You don’t have to work hard to sell Poker Face. It goes like this: “You know the guy who does the Knives Out movies, Rian Johnson? Well, he also has a TV show, modeled on Columbo, but it’s Natasha Lyonne in the main role.” At this point, most people are already in. For others you need to add, “Yeah, from Russian Doll. And, sure, American Pie.”
When I say “modeled on Columbo,” that’s not me being cute. Poker Face follows the Peter Falk show’s format from concept through to title fonts. So, as with the ‘70s/’80s classic murder mystery, you know who the killer is from the beginning of each episode, the murder shown in a pre-titles vignette before Lyonne’s Charlie Cale appears. Titles and credits then appear in the familiar yellow text, and in season one, Lyonne is even perpetually holding a cigar and walking with the same peculiar gait. It’s a joy.
However, Poker Face is also very much its own show, too. Charlie Cale is an itinerant amateur detective, on the run from the mob after getting far too involved in the machinations of a Laughlin, Nevada casino. Cale, you see, has an innate ability to tell when anyone is lying. Not a practiced skill, not something she’s learned from years of the study of micro-expressions or whatever, but just a superpower. She has an almost involuntary response of “bullshit!” whenever she hears a lie. Which makes her an excellent poker player, but not well liked by those trying to keep dark secrets.
Each episode, Cale shows up in a new town, mostly living out of her car, trying to get work and inevitably becoming entwined in the lives of the murder victim, or indeed the murderer. After the opening scene showing the crime, the episodes almost always skip back some hours or days to then show how Charlie fits into the situation, followed by her reluctantly solving the killing.
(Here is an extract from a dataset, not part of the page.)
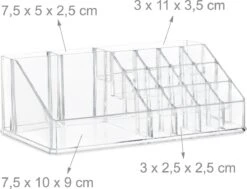Relaxdays Make-up Organizer - Tweedelig - Cosmetica Opbergdoos - Transparant 26 Relaxdays Make-up Organizer - Tweedelig - Cosmetica Opbergdoos - Transparant -Cosmetica winkel 1200x918 1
The show is exquisitely well written, and beautifully directed. Natasha Lyonne is a force, her take on Columbo a constant delight, always feeling like a distinct homage rather than an aping impression. And wow, the rest of the cast. Given Cale’s nomadic impermanence in any one spot, there are only a few occasionally recurring characters, meaning most episodes build the cast up from scratch. The program seems to have its pick of any actor it wants, with massive names appearing week after week. To name very few: Adrien Brody, Awkwafina, Jospeph Gordon-Levitt, Richard Kind, Katie Holmes, Giancarlo Esposito, Nick Nolte, John Mulaney, John Cho, Carol Kane, Lili Taylor, Method Man, Kumail Nanjiani...
The real skill of the show is to be able to bring in so many famous names, and have no one stick out like a Guest Star, but rather immediately establish deep, meaningful characters. Despite episodes lasting just 45 minutes to an hour, it paces itself so ideally, allowing you to get to know these people and to grow invested in Charlie’s relationships with them.
Because Charlie’s not a cop, it also frees the show to be far more morally ambiguous. This isn’t necessarily about capturing the evil killer and seeing justice dealt—while it sometimes definitely is that, there’s also room for far more nuance. Or, as is sometimes the case, for Lyonne just to find a resolution within the situation before moving on that doesn’t involve anyone being hauled away in handcuffs.
The mood of the show can also swing in some deft and impressive ways. While it’s always funny, that humor can become a lot darker, or a lot lighter, with incredibly breezy episodes between storylines that really take their toll on Charlie. She’s not asking for any of this, almost always dragged into a situation after she accidentally (and quite literally) calls bullshit. She hears the lie, and then can’t let it go. Sometimes that leads to excellent shenanigans, other times to losing newfound friendships. And sometimes she’s solving the murder of a school hamster.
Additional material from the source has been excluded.